[Start of Attachment]

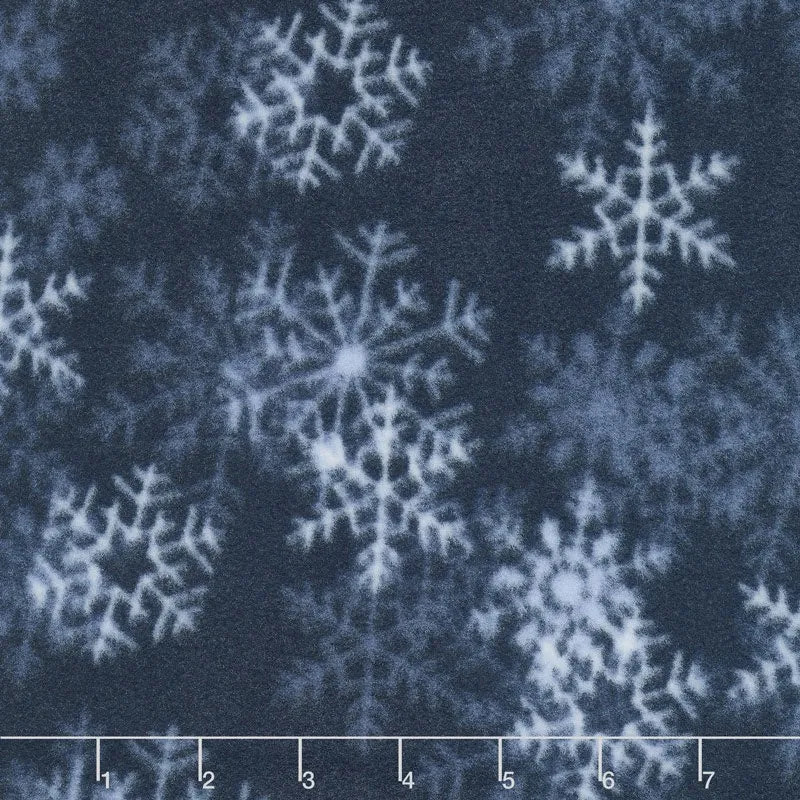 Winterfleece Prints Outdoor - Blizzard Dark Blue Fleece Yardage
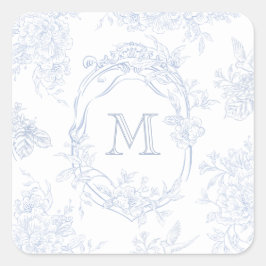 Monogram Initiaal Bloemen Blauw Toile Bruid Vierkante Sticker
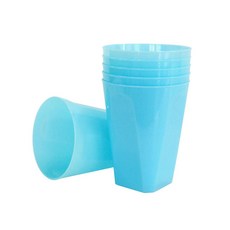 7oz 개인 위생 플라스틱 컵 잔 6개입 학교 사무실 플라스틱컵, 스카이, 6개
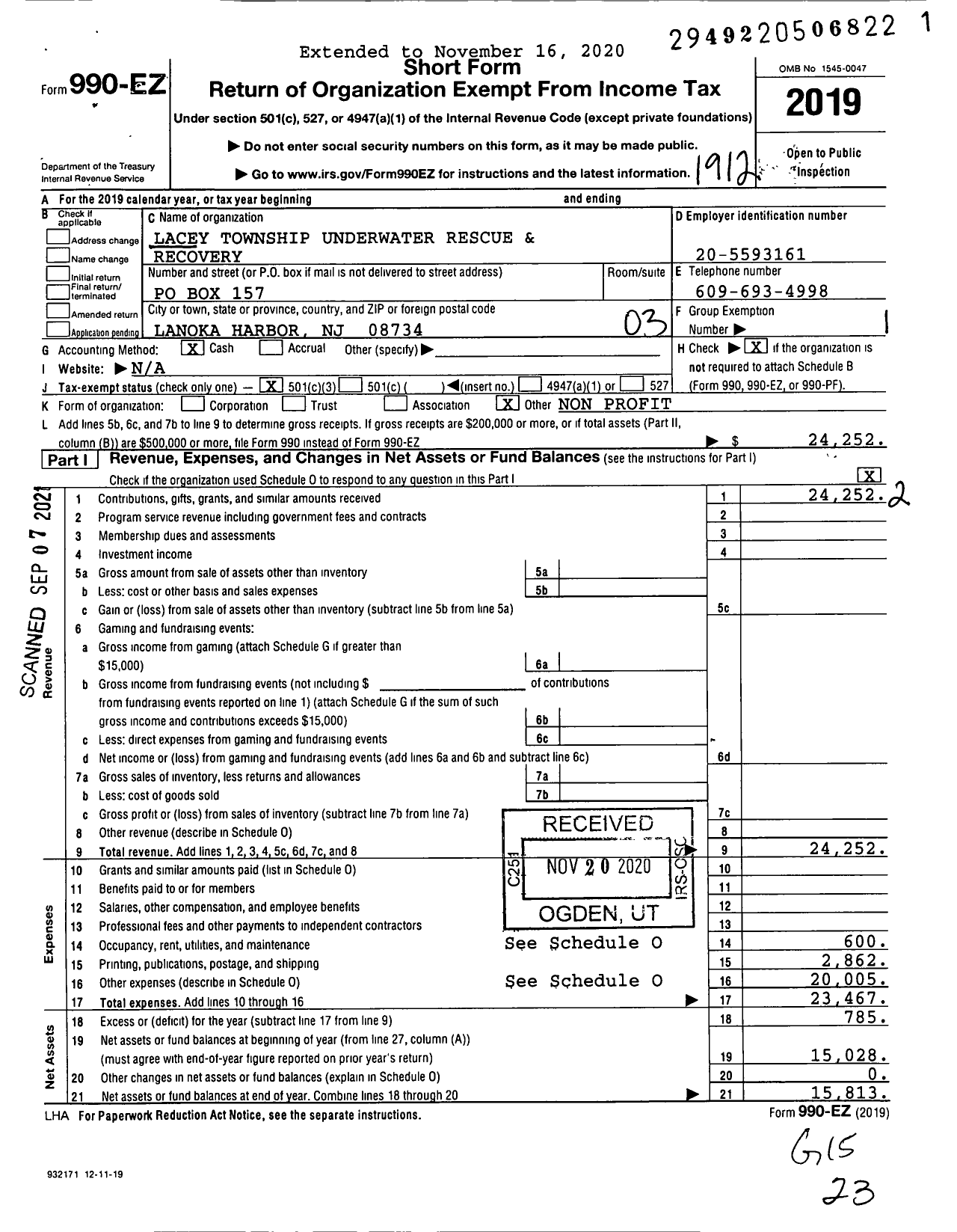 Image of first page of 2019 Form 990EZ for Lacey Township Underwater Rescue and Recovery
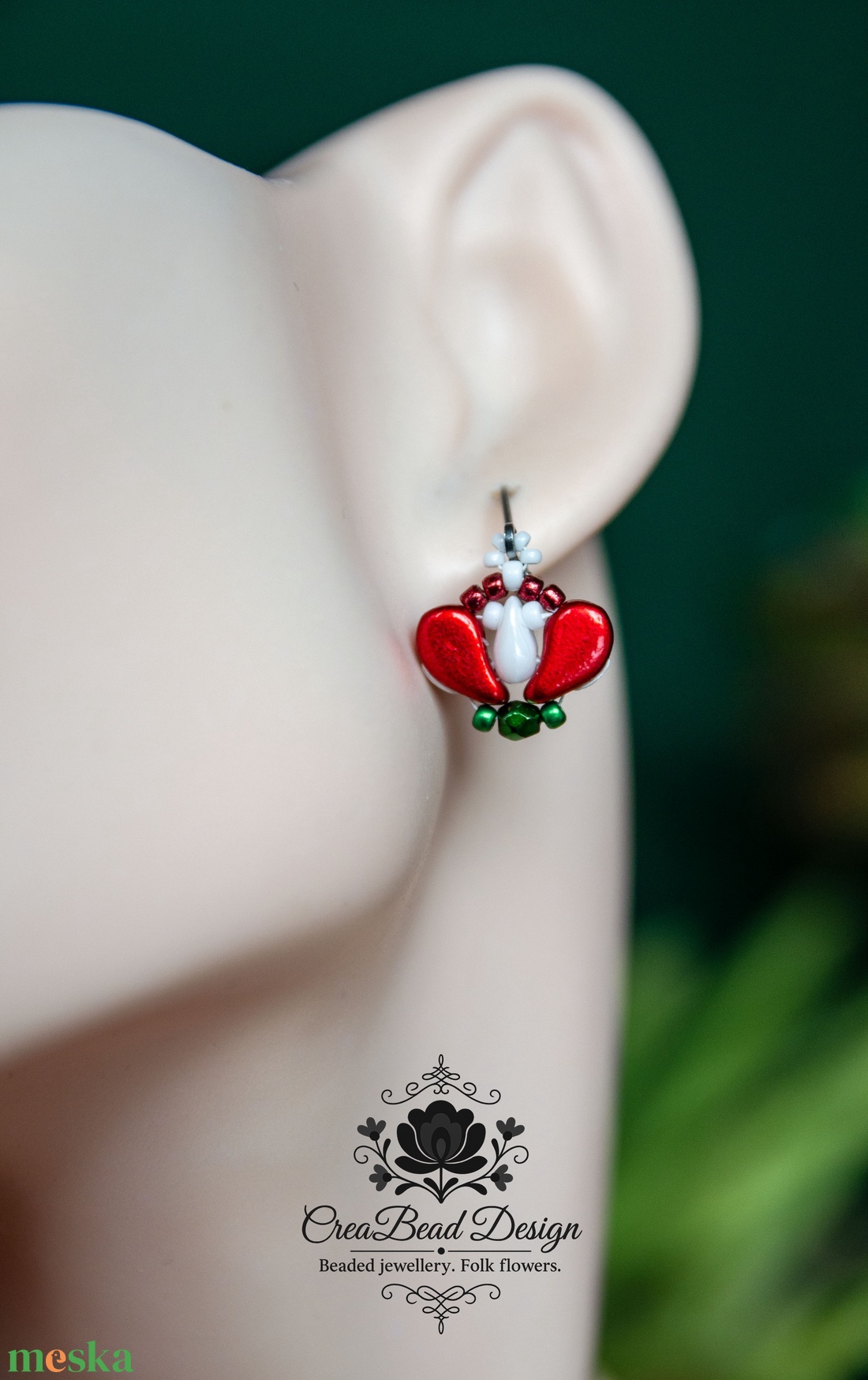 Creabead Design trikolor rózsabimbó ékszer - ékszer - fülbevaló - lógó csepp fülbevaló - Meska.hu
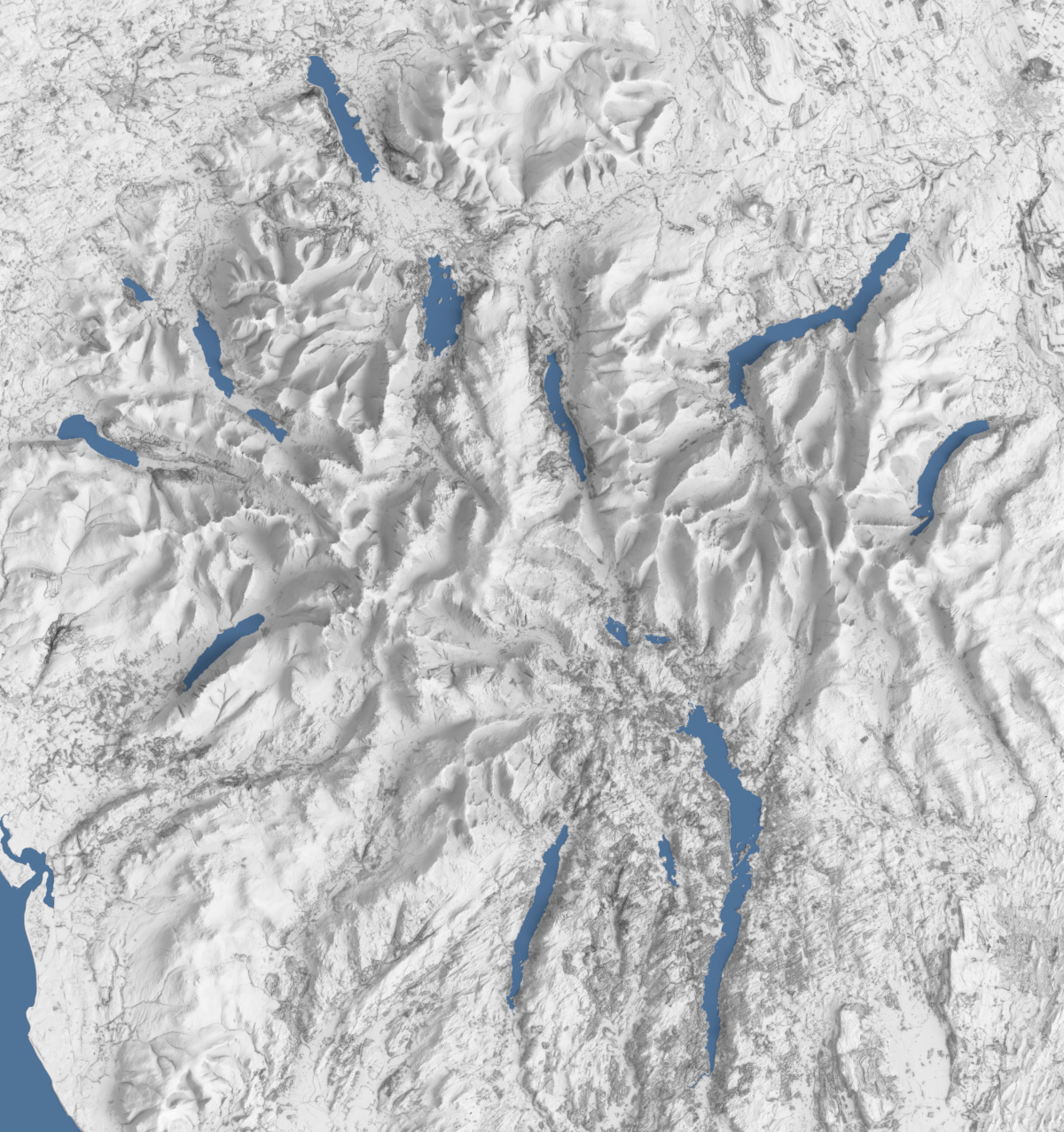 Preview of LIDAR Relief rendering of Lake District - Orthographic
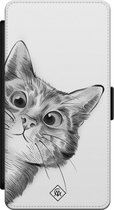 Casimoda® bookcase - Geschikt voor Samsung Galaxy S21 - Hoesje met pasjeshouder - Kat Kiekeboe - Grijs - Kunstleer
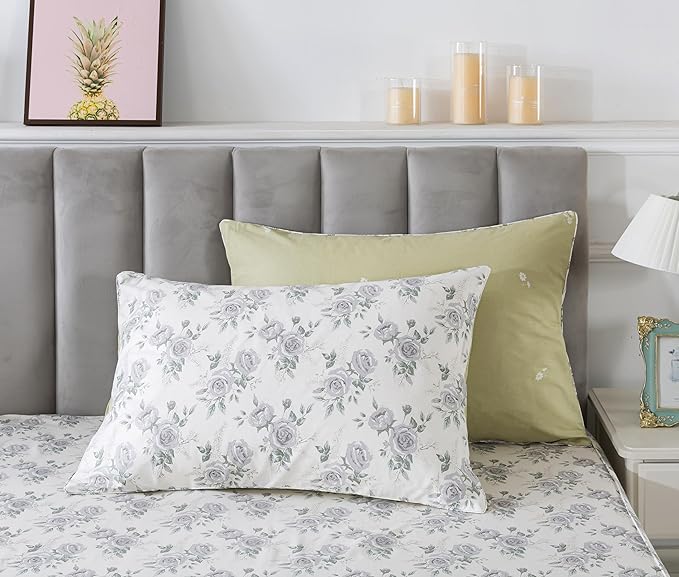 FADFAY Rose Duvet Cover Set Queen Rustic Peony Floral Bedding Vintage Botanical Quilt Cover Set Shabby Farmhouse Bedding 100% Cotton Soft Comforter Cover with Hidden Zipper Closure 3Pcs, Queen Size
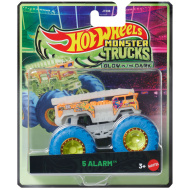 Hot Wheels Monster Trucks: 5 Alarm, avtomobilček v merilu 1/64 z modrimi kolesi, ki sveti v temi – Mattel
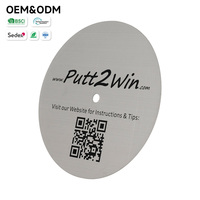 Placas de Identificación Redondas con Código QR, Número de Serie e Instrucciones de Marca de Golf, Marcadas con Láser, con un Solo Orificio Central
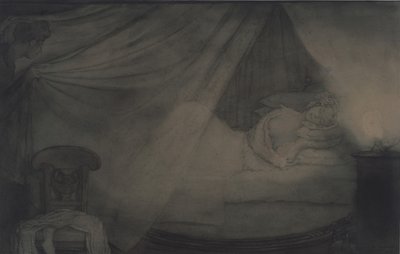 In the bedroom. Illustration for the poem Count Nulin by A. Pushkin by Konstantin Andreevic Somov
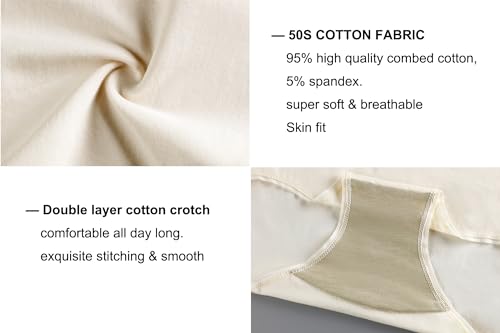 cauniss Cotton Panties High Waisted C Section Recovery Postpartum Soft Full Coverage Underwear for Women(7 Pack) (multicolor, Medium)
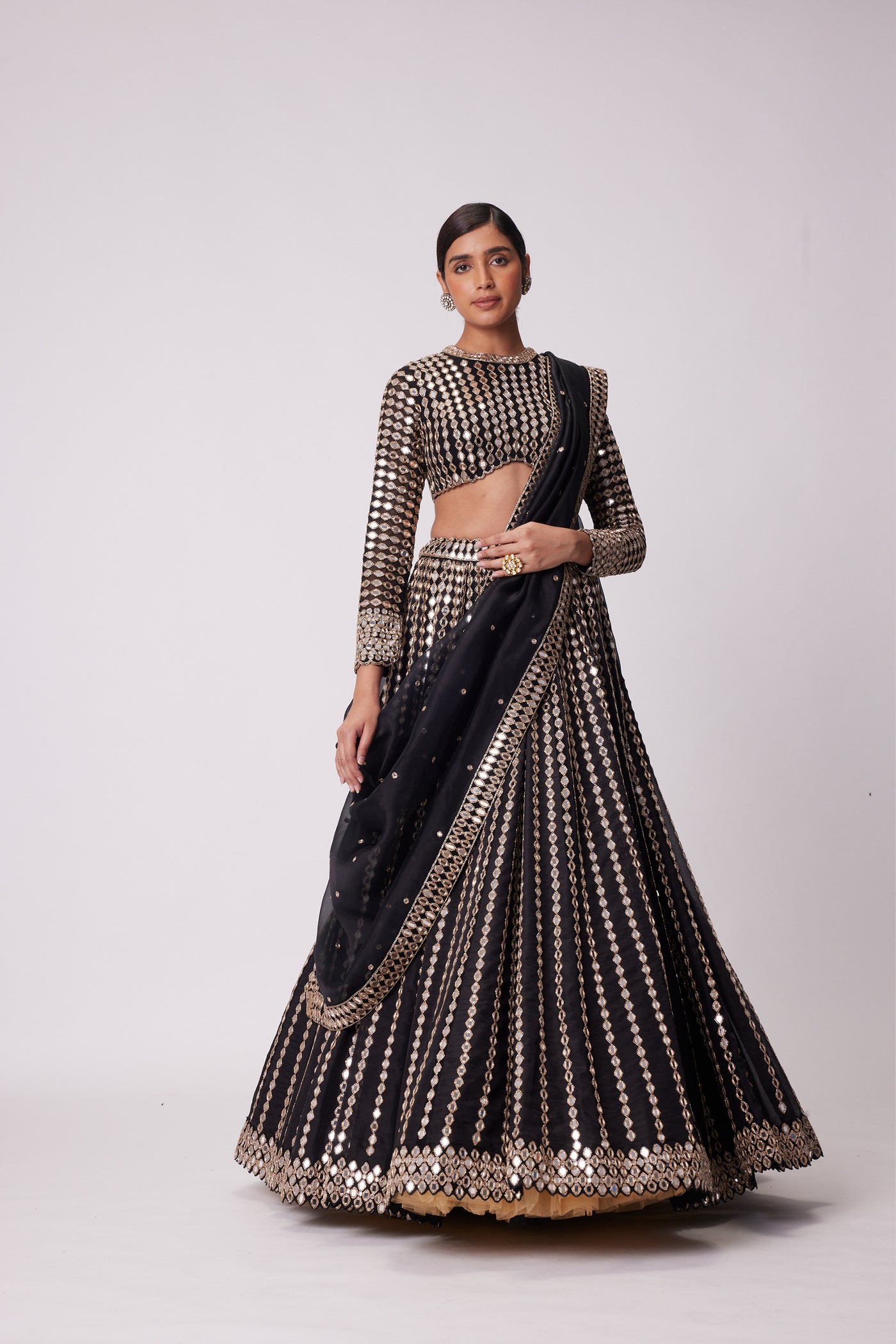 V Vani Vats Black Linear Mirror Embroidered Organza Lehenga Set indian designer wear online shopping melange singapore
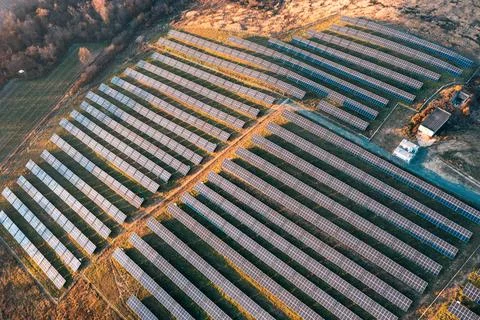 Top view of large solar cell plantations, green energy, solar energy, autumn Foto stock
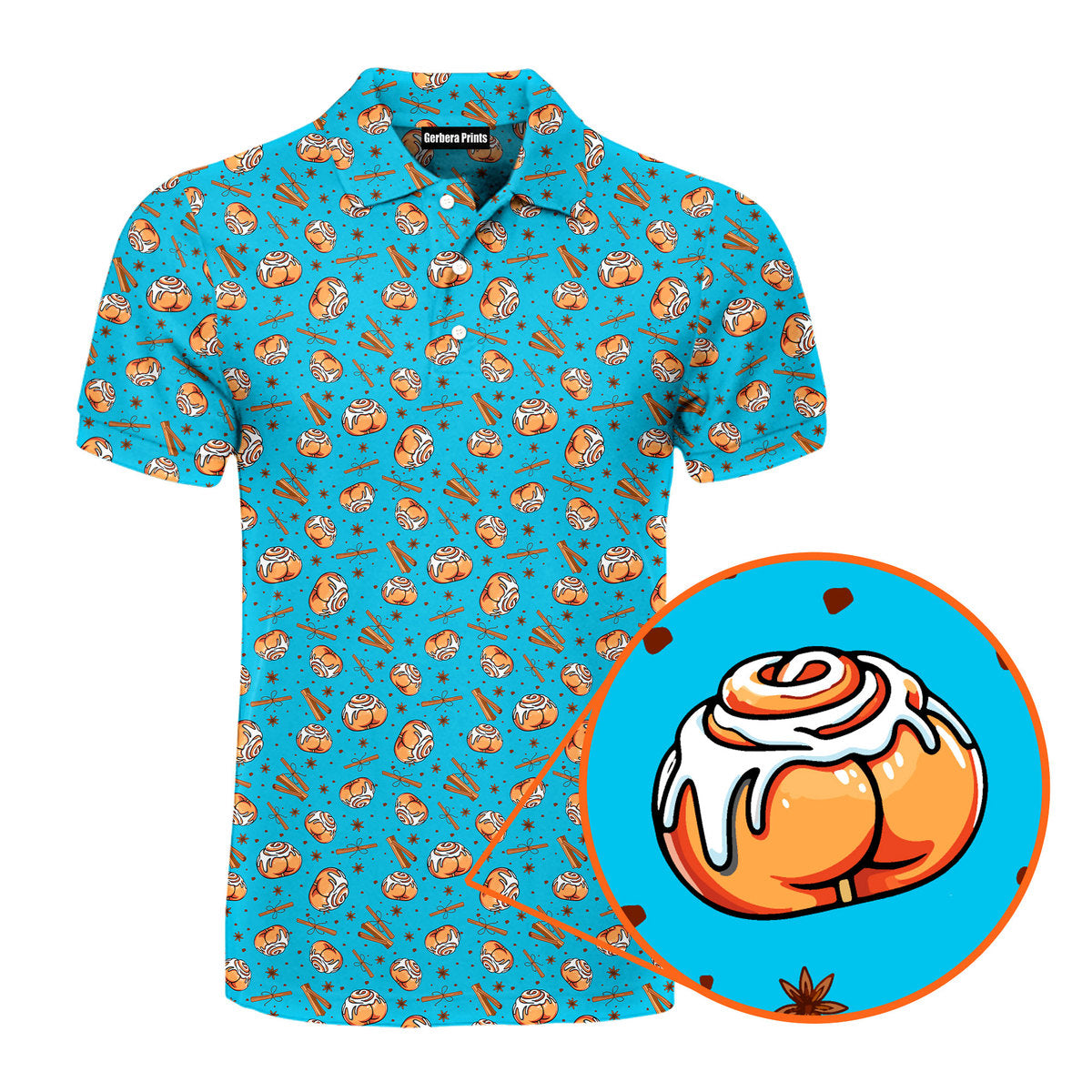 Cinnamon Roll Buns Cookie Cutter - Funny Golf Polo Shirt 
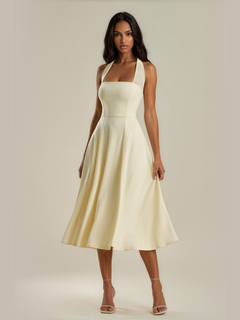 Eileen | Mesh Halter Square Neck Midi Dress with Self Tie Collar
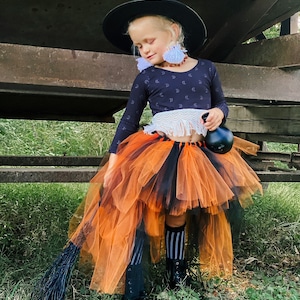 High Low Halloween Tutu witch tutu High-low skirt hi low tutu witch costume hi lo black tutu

[End of Attachment]

Leaving pictures out, output the lines of the data above from the one with "Hot Wheels Monster" through the one with "V Vani Vats", word for word.

 Hot Wheels Monster Trucks: 5 Alarm, avtomobilček v merilu 1/64 z modrimi kolesi, ki sveti v temi – Mattel
 Placas de Identificación Redondas con Código QR, Número de Serie e Instrucciones de Marca de Golf, Marcadas con Láser, con un Solo Orificio Central
 In the bedroom. Illustration for the poem Count Nulin by A. Pushkin by Konstantin Andreevic Somov
 cauniss Cotton Panties High Waisted C Section Recovery Postpartum Soft Full Coverage Underwear for Women(7 Pack) (multicolor, Medium)
 V Vani Vats Black Linear Mirror Embroidered Organza Lehenga Set indian designer wear online shopping melange singapore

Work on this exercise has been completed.